> **Crawled caption data**
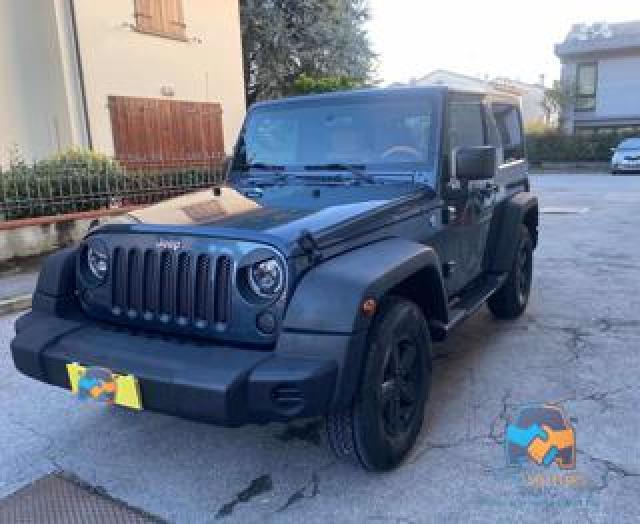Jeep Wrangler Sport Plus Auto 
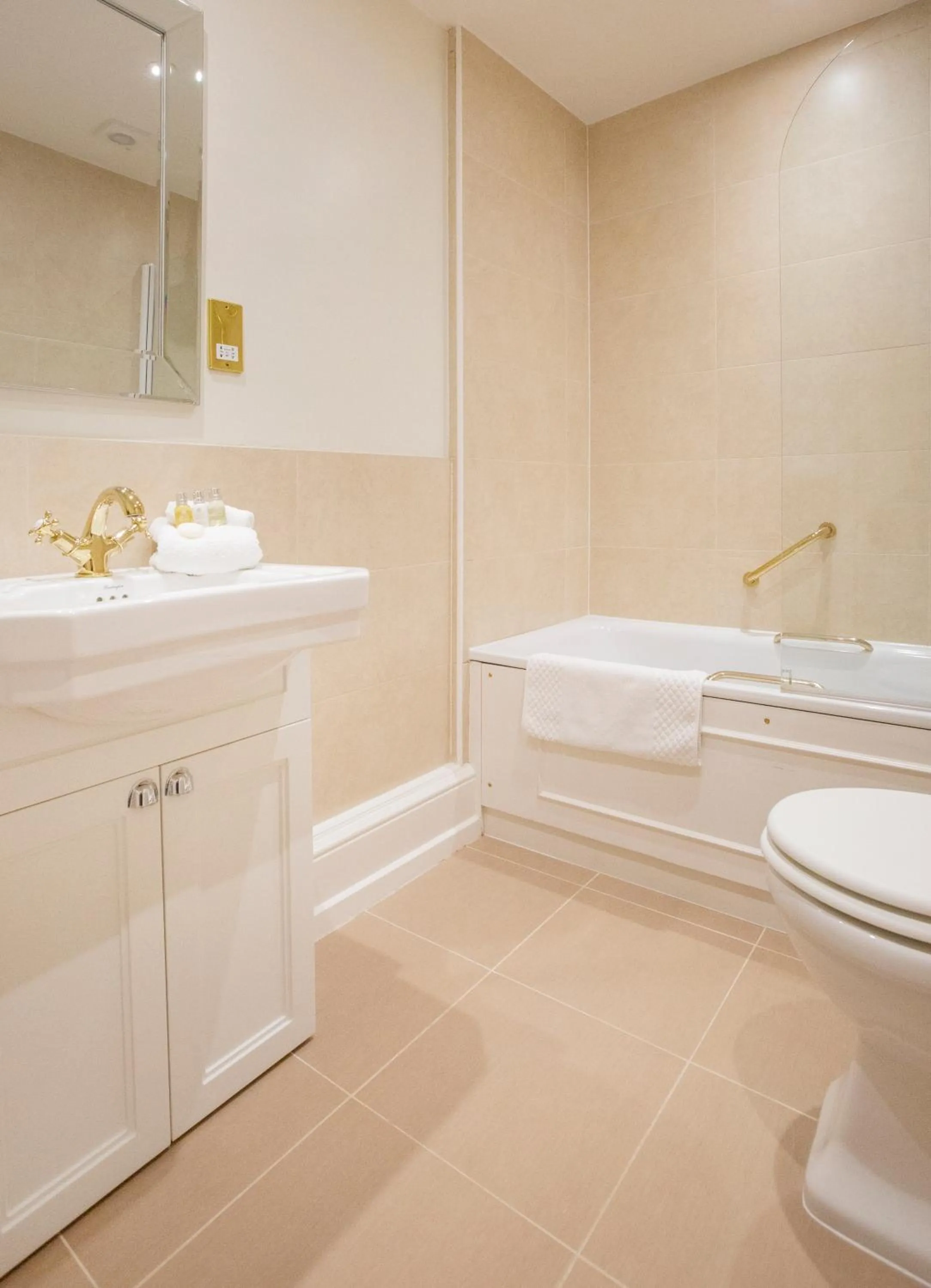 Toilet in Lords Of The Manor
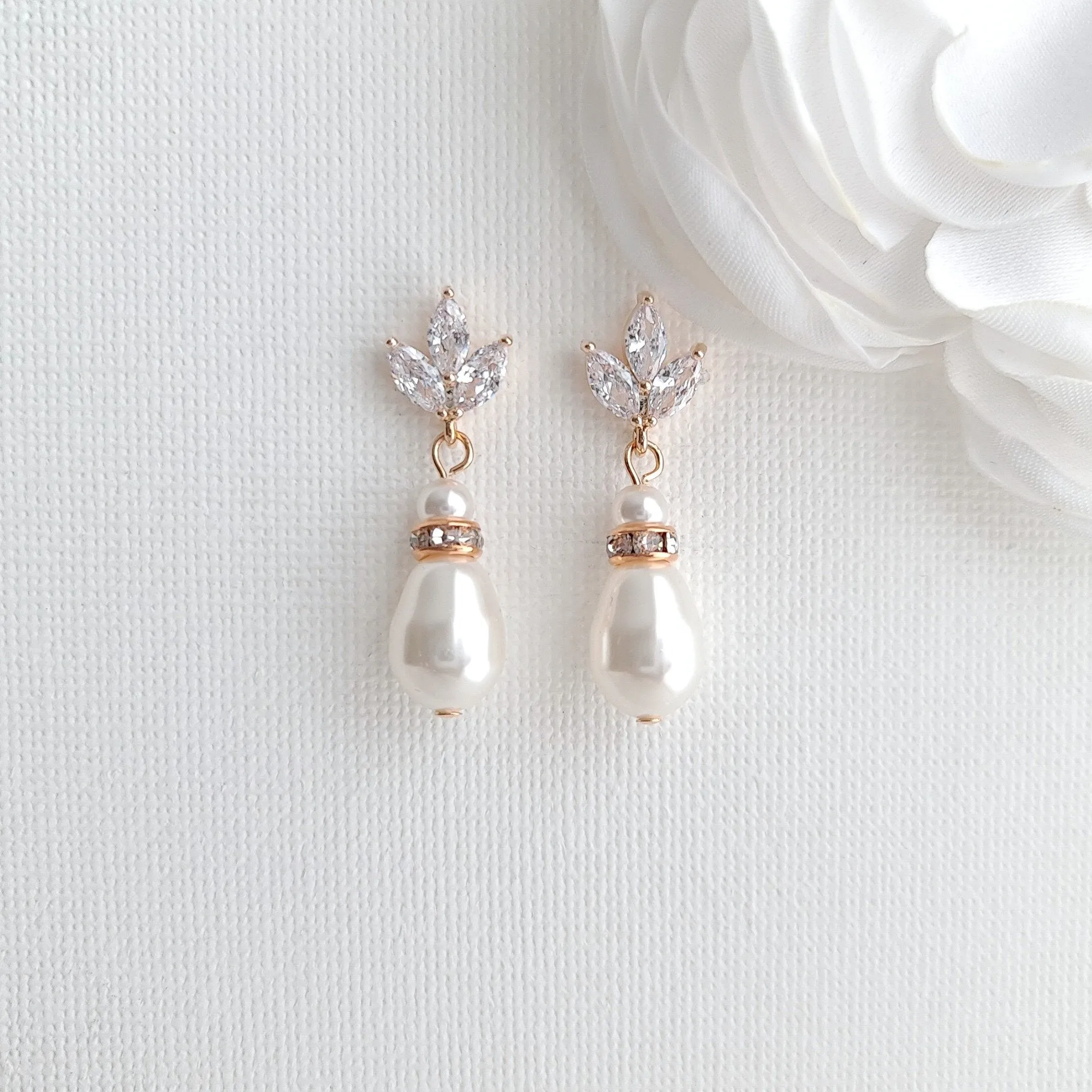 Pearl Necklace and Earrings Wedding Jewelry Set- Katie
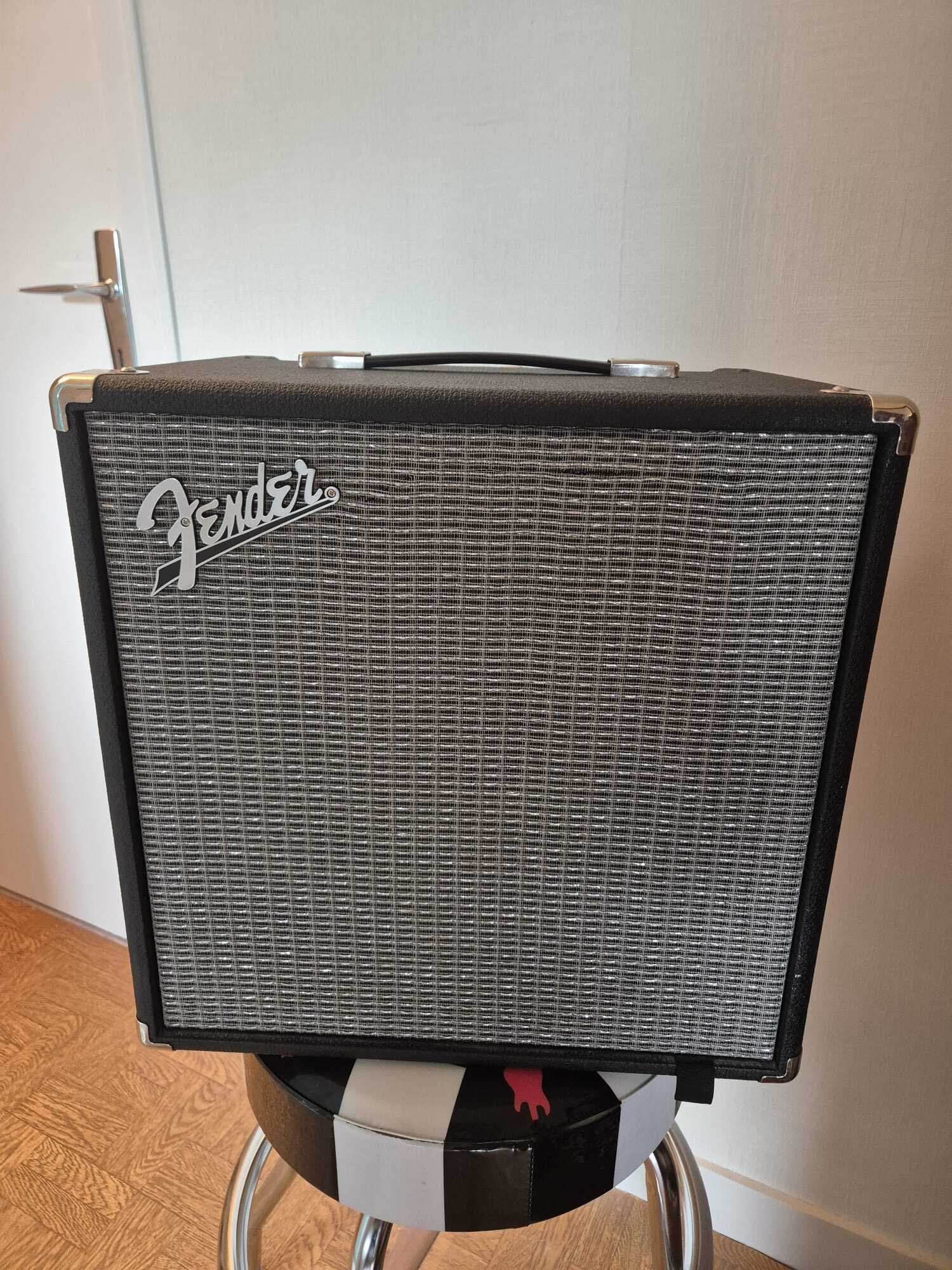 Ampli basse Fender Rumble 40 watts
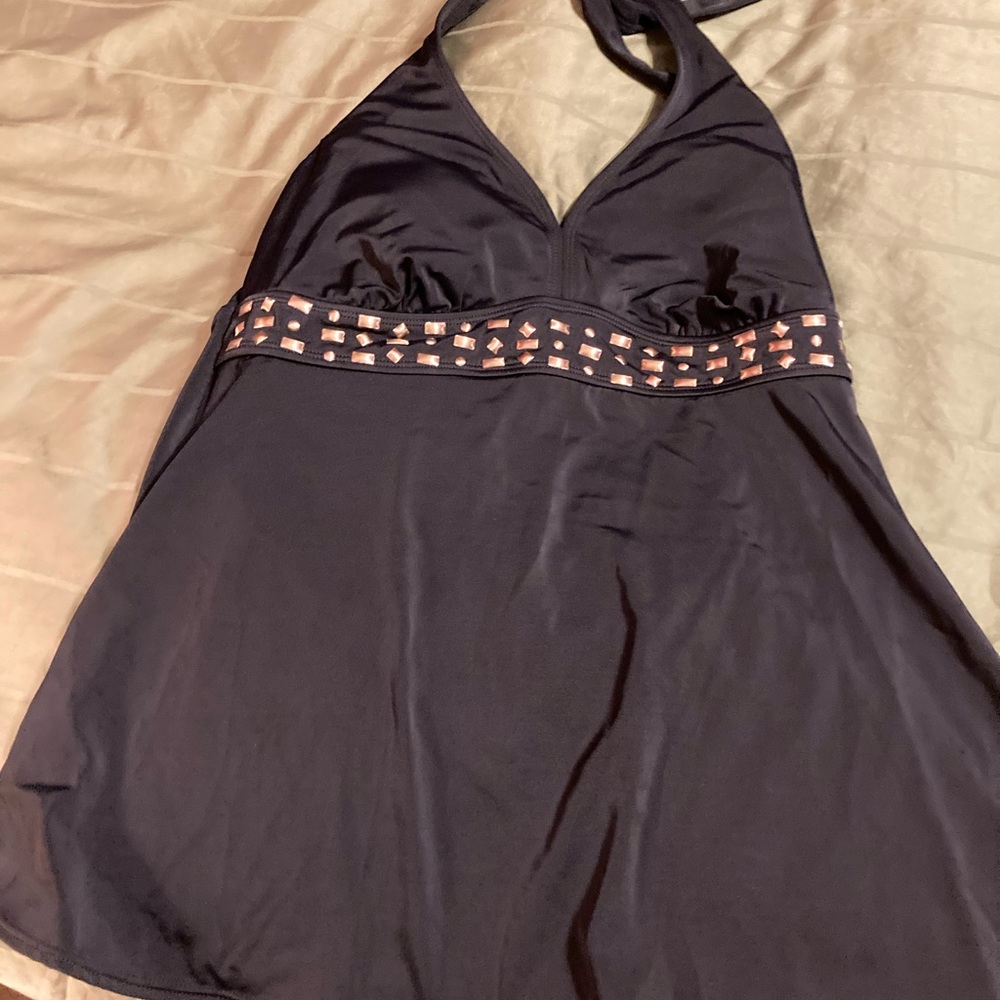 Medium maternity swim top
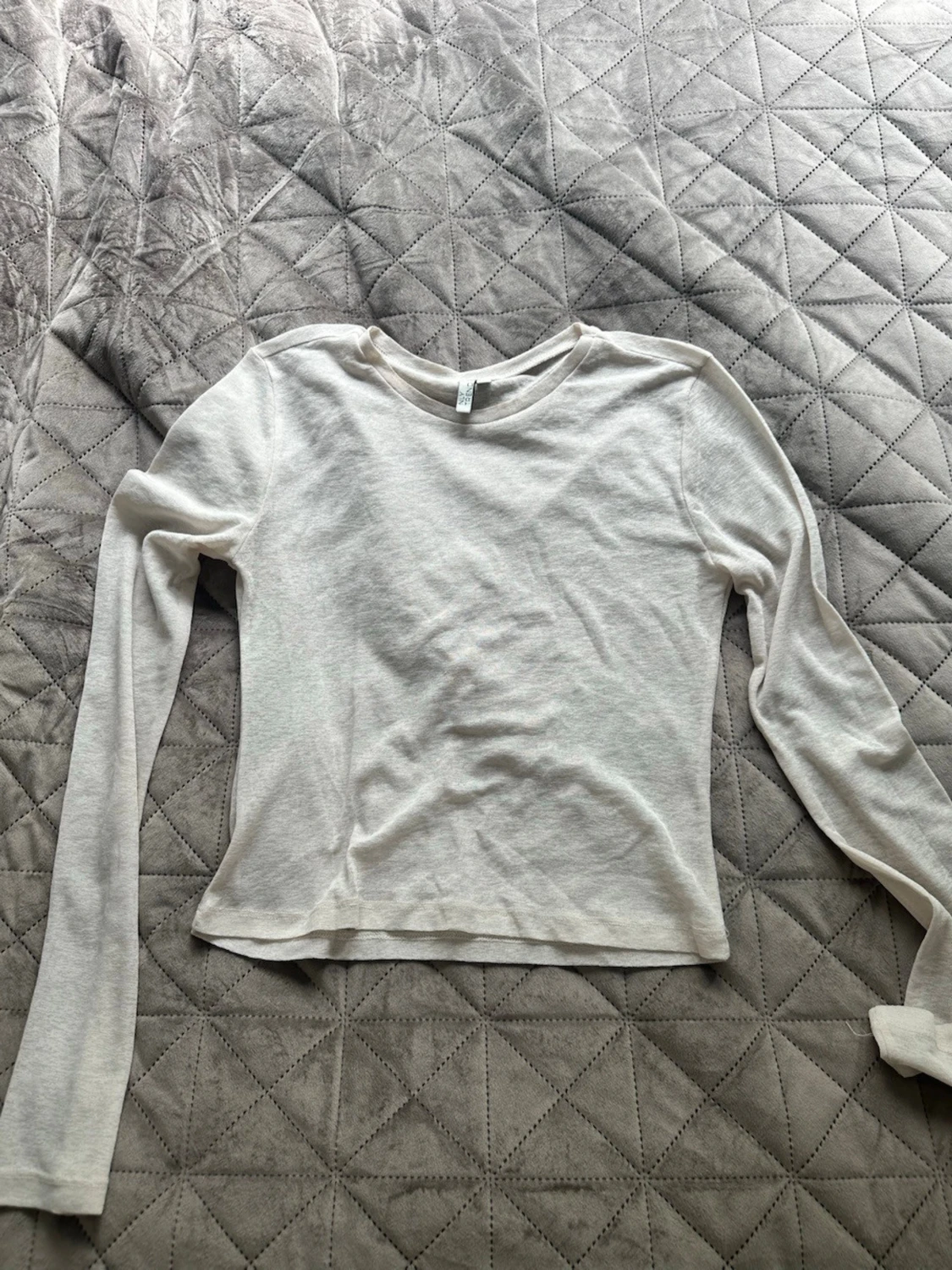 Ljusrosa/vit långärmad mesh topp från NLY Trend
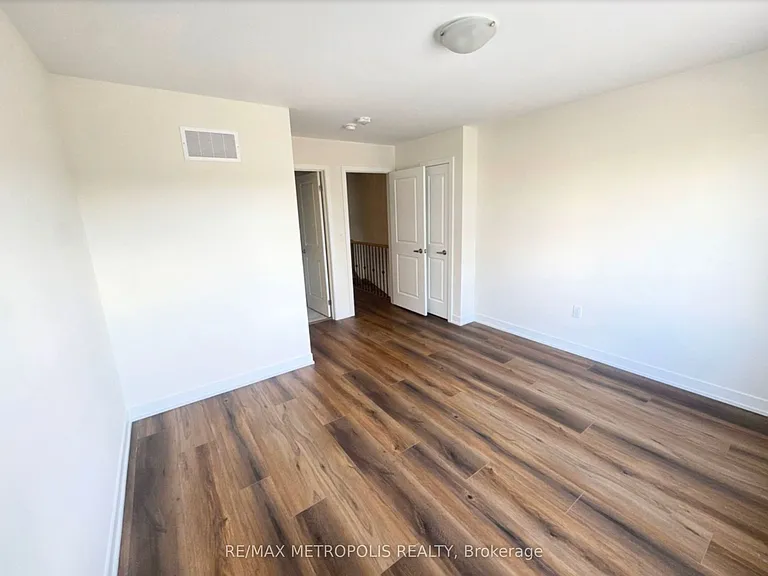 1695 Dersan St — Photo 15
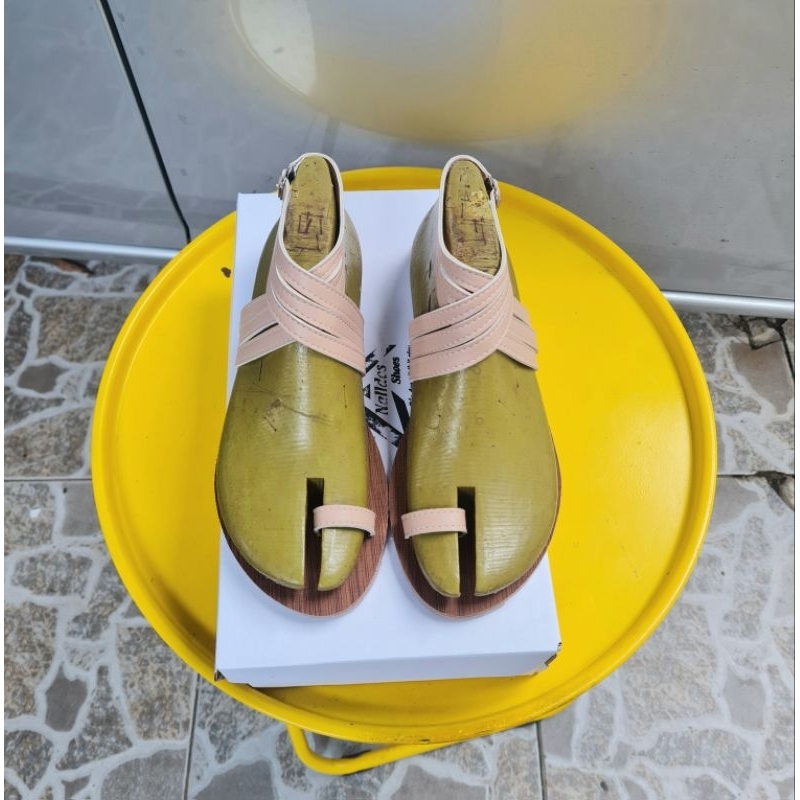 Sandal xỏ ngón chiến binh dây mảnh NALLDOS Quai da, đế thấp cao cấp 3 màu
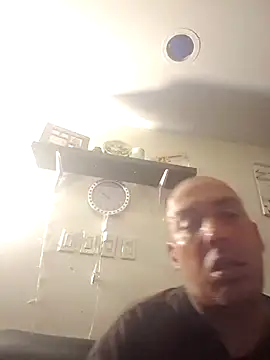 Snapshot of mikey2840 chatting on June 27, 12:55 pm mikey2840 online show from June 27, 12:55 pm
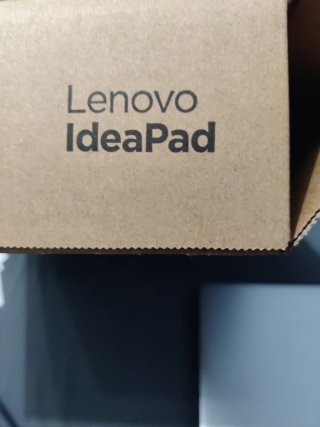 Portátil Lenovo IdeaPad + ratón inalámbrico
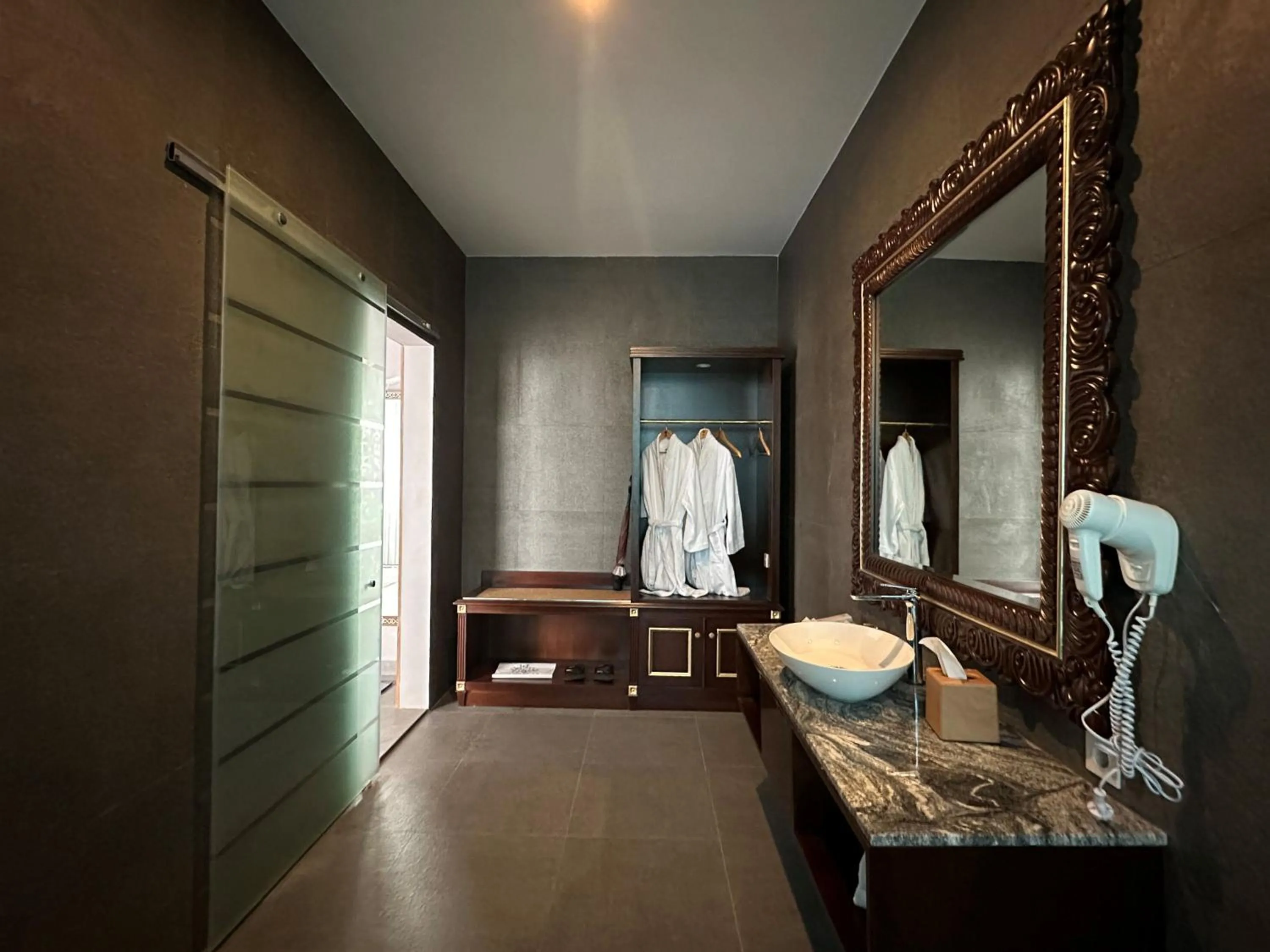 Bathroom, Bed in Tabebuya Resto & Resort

> **Work instructions**
Copy nothing but the lines from the top of the data down to the line containing "1695 Dersan St — Photo 15", and leave the pictures out.

> **Your solution**
Jeep Wrangler Sport Plus Auto 
 Toilet in Lords Of The Manor
 Pearl Necklace and Earrings Wedding Jewelry Set- Katie
 Ampli basse Fender Rumble 40 watts
 Medium maternity swim top
 Ljusrosa/vit långärmad mesh topp från NLY Trend
 1695 Dersan St — Photo 15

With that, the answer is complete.